Here’s a slightly more animated excerpt from the 16mm Kodachrome reels I found at the City of Toronto Archives this week. This was captured from a primitive Zeiss-Ikon Moviscop viewing device, and the film transport is a homemade hand crank assembled by the now-retired film & video archivist (for whom there was no replacement designated):
I learnt a bit more about this and the other two 16mm colour reels from the same series: in 1981, the TTC sent their original movie film reels to the Library and Archives Canada (then known as the National Archives of Canada). This includes a Kodachrome reel of 30 March 1954 — opening day of the Yonge line — and another reel from the mid-1950s which may be a compilation of subway-opening events, including footage of the last run of the Yonge streetcar line.
At the time, the Municipality of Metropolitan Toronto (old Toronto) and the TTC lacked a repository for TTC archives. So LAC received these reels and made a film copy of each to return to TTC, while maintaining custodianship over the originals. Eventually, these copies of the originals — along with other TTC stuff — were moved to the public archives, post-amalgamation. The originals remain in Ottawa to this day. When a digitization is to occur with these, the originals will absolutely be required, given that copies have faded and not held up well in the years since (no small shock, of course).

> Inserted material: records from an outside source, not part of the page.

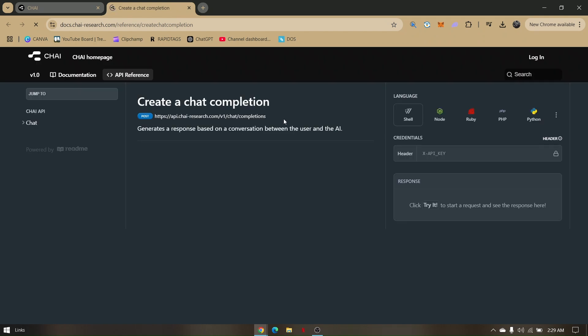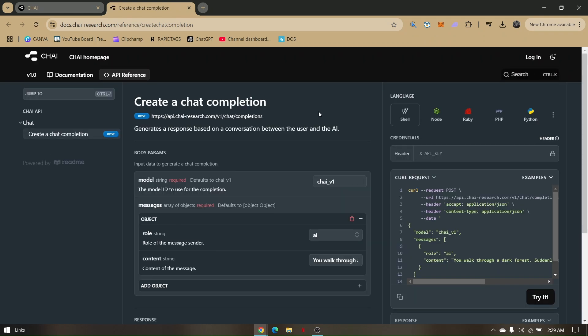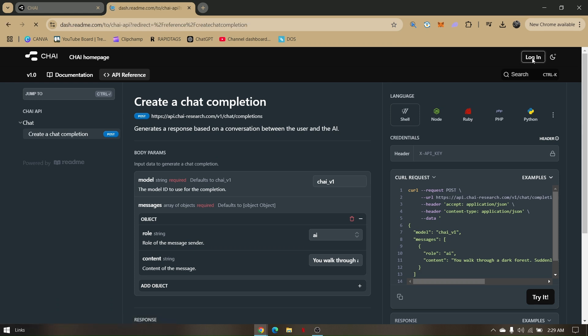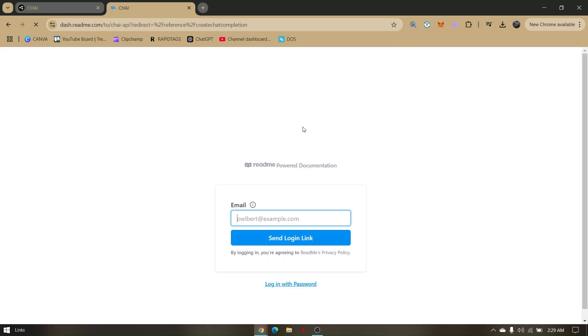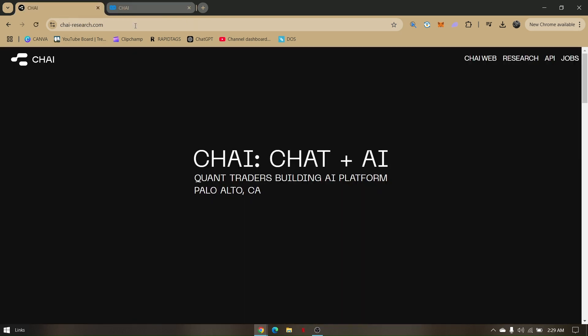This specific website is a secure site, so there is no actual button or option for us to register directly from this website. The next thing you do is just click on Log In, and then enter the email address that you'd like to use to log in with Chai AI.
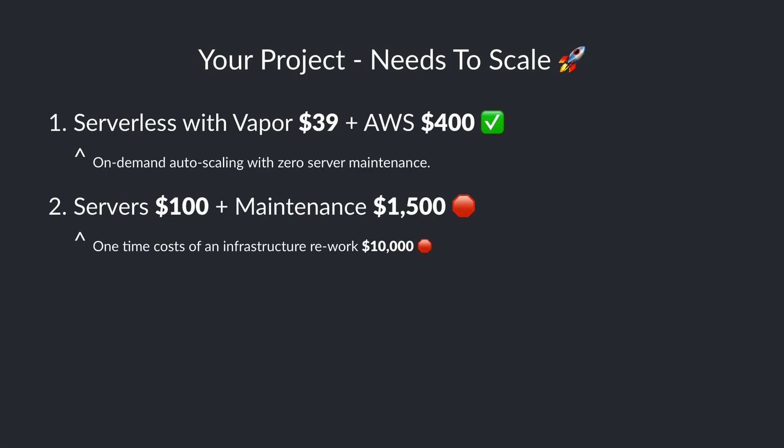Here in server-based solutions, the problems are about to start and Vapor will really shine. With server-based solutions, the cost of servers will increase just like the maintenance and the overall downtime. In addition, you'll have to pay for an entire infrastructure rework, otherwise your infrastructure won't be able to handle this amount of scale.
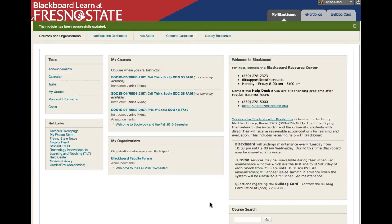Hey everyone! Welcome to Critical Thinking About Society, or SOCH 3S. This is Dr. Nkosi and I created this short video to help you get situated with our online Blackboard course.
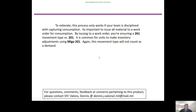This process only works if your team is disciplined. The whole point of demand analysis is to capture consumption, identify trends, and ensure your stock is where it should be. Issuing with a 261 movement type versus a 201 is critical — it's very common for units to make inventory adjustments using 201, but that movement code will not count as a demand.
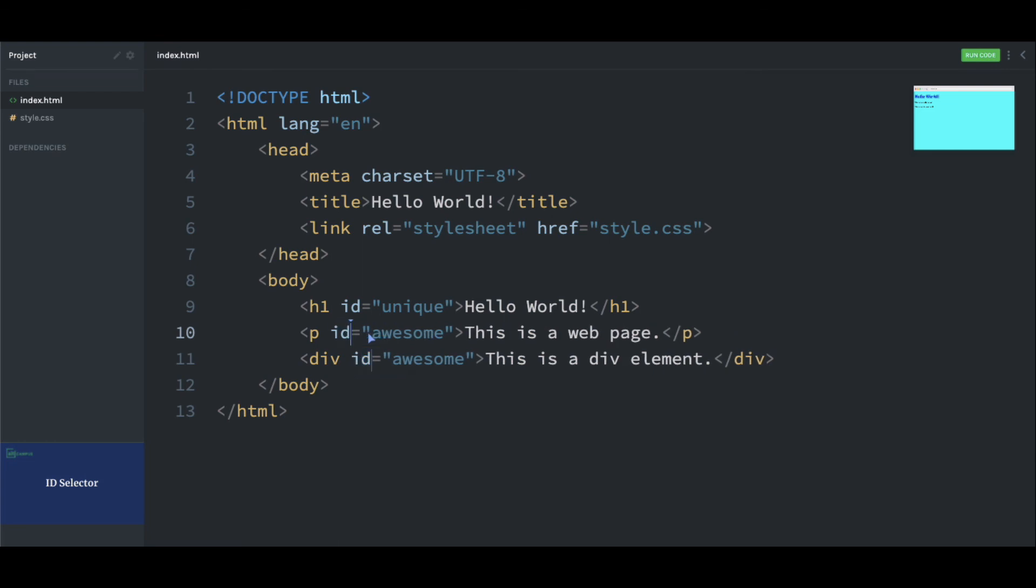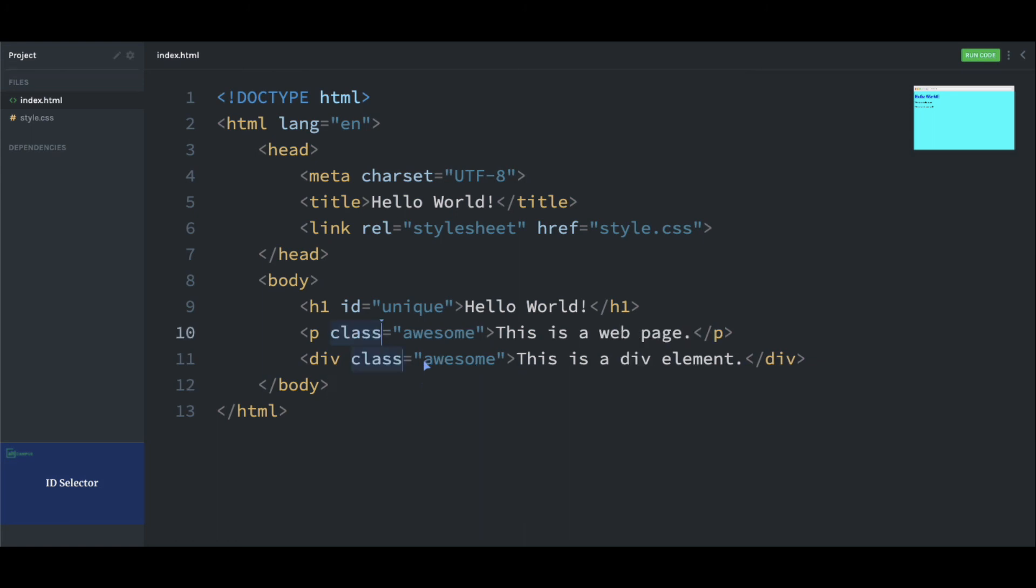We cannot have the same ID attribute value on more than one element. Doing so is wrong. We can have one ID attribute value only once per page. So let's change this ID into class.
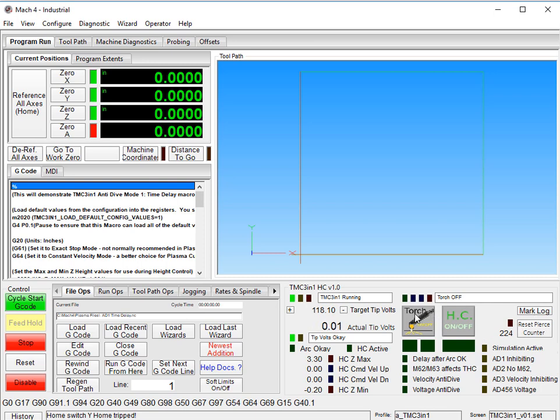If I want to turn my torch on, I can click here. And what I do is I have my torch relay wired up to my Arc OK so that as soon as I turn it on, my Arc OK turns on too. You don't have that in reality, but it makes it easier for the video.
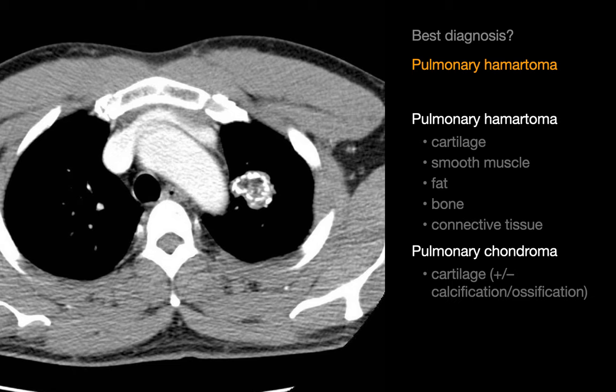Pulmonary hamartomas are benign neoplasms composed of cartilage, connective tissue, smooth muscle, fat, and bone. Pulmonary chondromas are benign neoplasms that consist entirely of cartilage with or without calcified or ossified components.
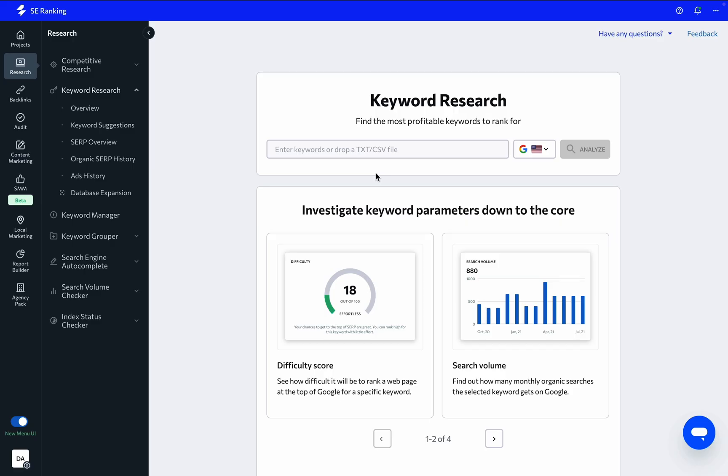To get in-depth insights into any keyword in both organic and paid search, evaluate its competitive landscape, and broaden the site's list of target keywords, take advantage of the keyword research tool.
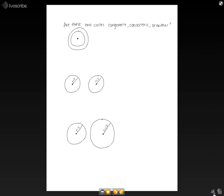In this podcast, we're going to talk about congruent or concentric circles. For the following examples, we're asked if the two circles are congruent to each other, concentric, or neither.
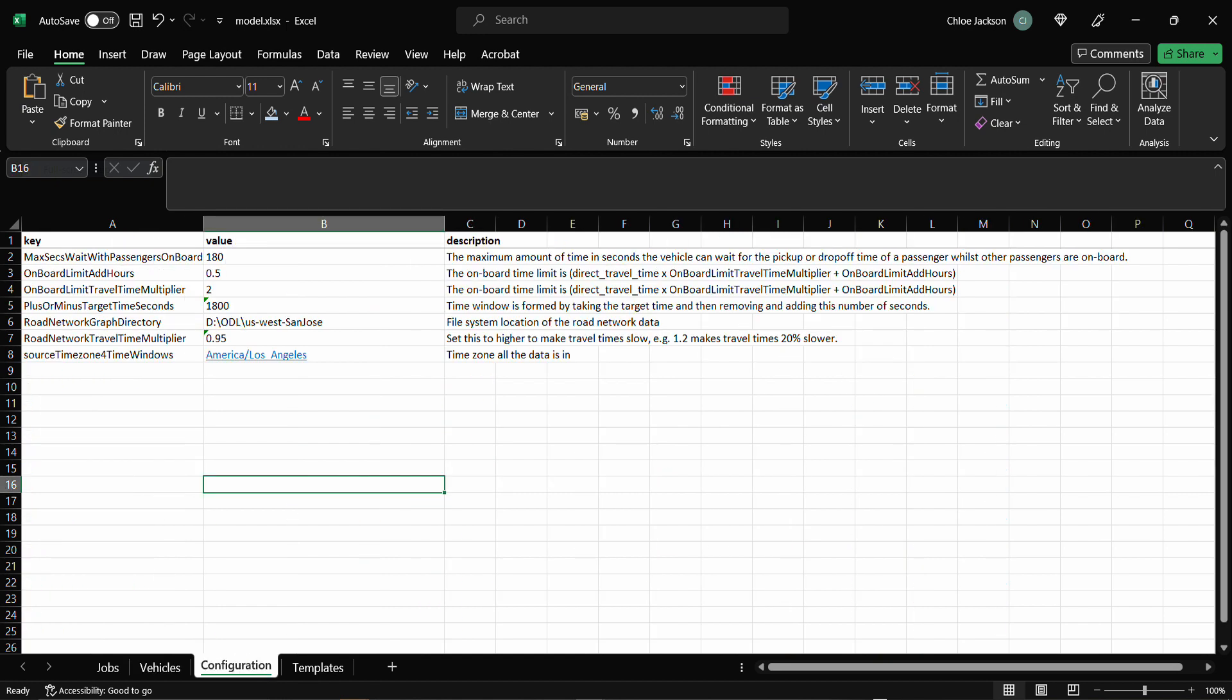The configuration settings set the rules and operating parameters. The first four fields here control how long the passenger can be on board based on how far away they are. The size of the pickup or drop off time window and the maximum amount of time a vehicle can wait for a passenger pickup or drop off with a passenger already on board.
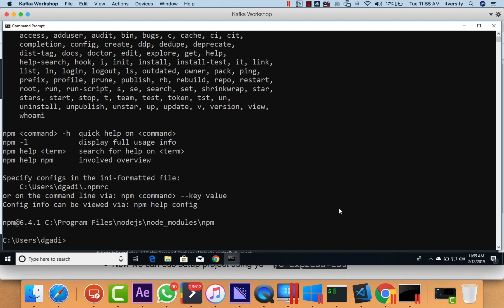Whenever we want to add a plugin to Node so that we can use it as part of our application, we can use NPM install to add that plugin to our project and then we should be able to take it from there.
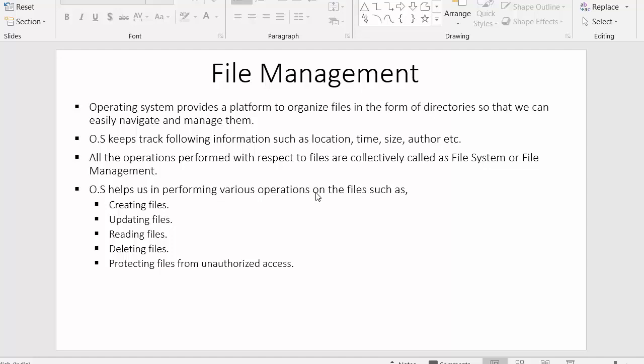We can update, delete, and read files using various file management tools. What are the roles and responsibilities of the operating system in terms of files? How does the operating system manage these files? We will see this in this video. Let us start our discussion with the first point.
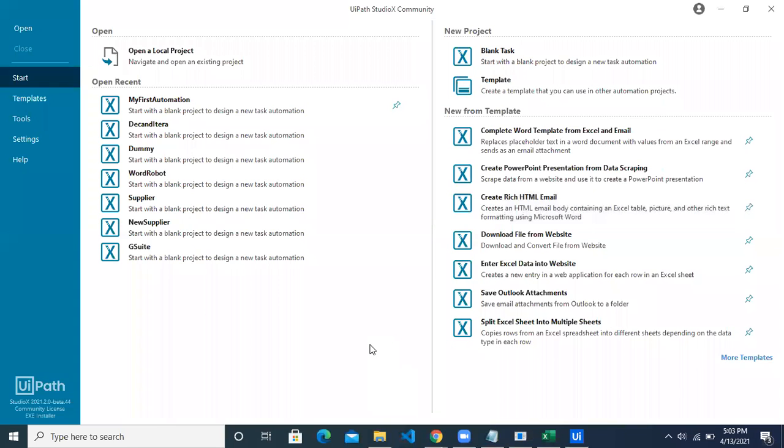Welcome to another Studio X video. Today we are going to see the advanced concepts of decision and iterations in Studio X.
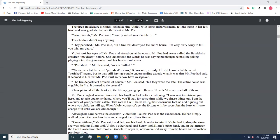The three Baudelaire siblings looked at him. Violet, with some embarrassment, felt the stone in her left hand and was glad she had not thrown it at Mr. Poe. Your parents, Mr. Poe said, have perished in a terrible fire. The children didn't say anything. They perished, Mr. Poe said, in a fire that destroyed the entire house. I'm very, very sorry to tell you this, my dears. Violet took her eyes off Mr. Poe and stared out at the ocean. Mr. Poe had never called the Baudelaire children my dears before. She understood the words he was saying, but thought he must be joking, playing a terrible joke on her and her brother and sister.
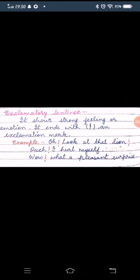It shows strong feelings or emotion. It ends with exclamation mark. Oh, look at that lion. Ouch! I hurt myself. Wow! What a pleasant surprise. These are the examples of exclamatory sentence.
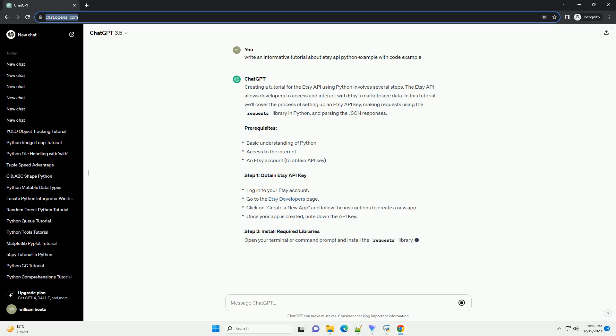Creating a tutorial for interacting with the ETSC API using Python involves several steps. Before you begin, make sure you have an ETSC developer account and have created an API key. The API key is crucial for authentication when making requests to the ETSC API.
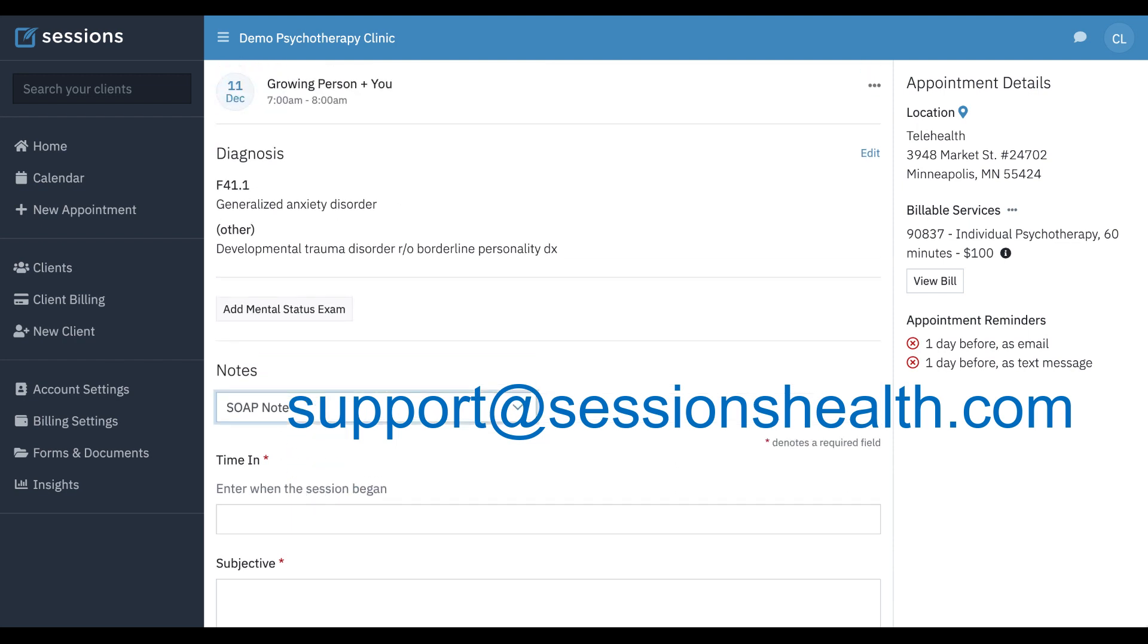So this concludes the tutorial on notes, diagnosis and treatment plans. If you have any questions, please don't hesitate to reach out at support at sessionshealth.com.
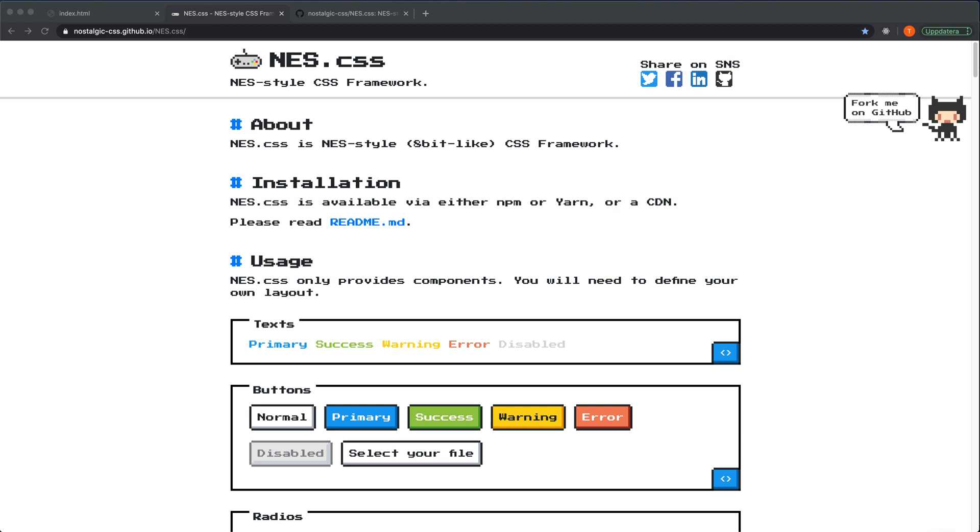Sometimes you discover things by accident and this is one of those times. I don't really remember how I discovered this but there's something called NES.css. It's a nice little framework that you can use if you want to apply a bit of retro styling to your design.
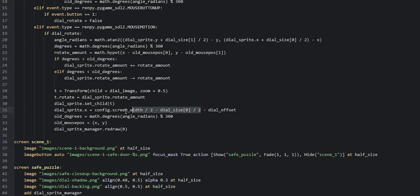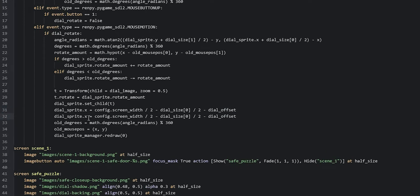This calculation is the same as when we first created and positioned the dial sprite on screen, but this time we're subtracting the dial_offset value to make sure it goes back into its original position. Now we're going to do the same for the y axis, so we'll duplicate this line, change dot x to dot y, swap screen_width for screen_height, and change the index from zero to one to grab the height of the dial.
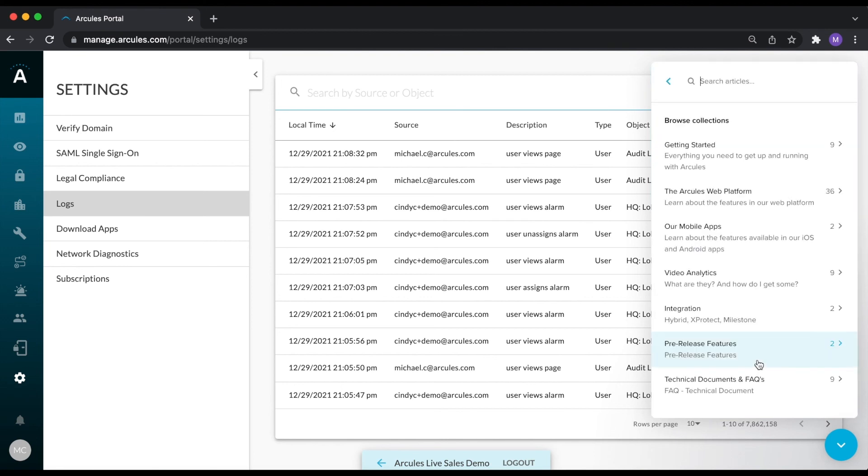For example, if you needed help setting up Access Control, you could simply type in Access Control, and it will show you all of the articles related to that topic.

I was speaking to a City Archives supervisor about this yesterday. I suggested how now that Toronto has the conservators and facilities to maintain these originals, they should be repatriated back to Toronto. Whether that can happen with Rob Ford’s “gravy cuts” is uncertain at best. But given their historical significance — possibly the oldest, if not one of the oldest Kodachrome reels of our city in existence — we should be finding a way to not only bring them back to Toronto, but also the means to have them digitized and made publicly viewable.
It might be time soon to get a federal grant, ironically, to have the federal government return to us what we gave to them in trust, so that Torontonian researchers and scholars can have all this media in one place. It’s not so much that Toronto is exceptional relative to our nation’s other municipalities. It’s that we now have the capacity to properly care for and store these artefacts.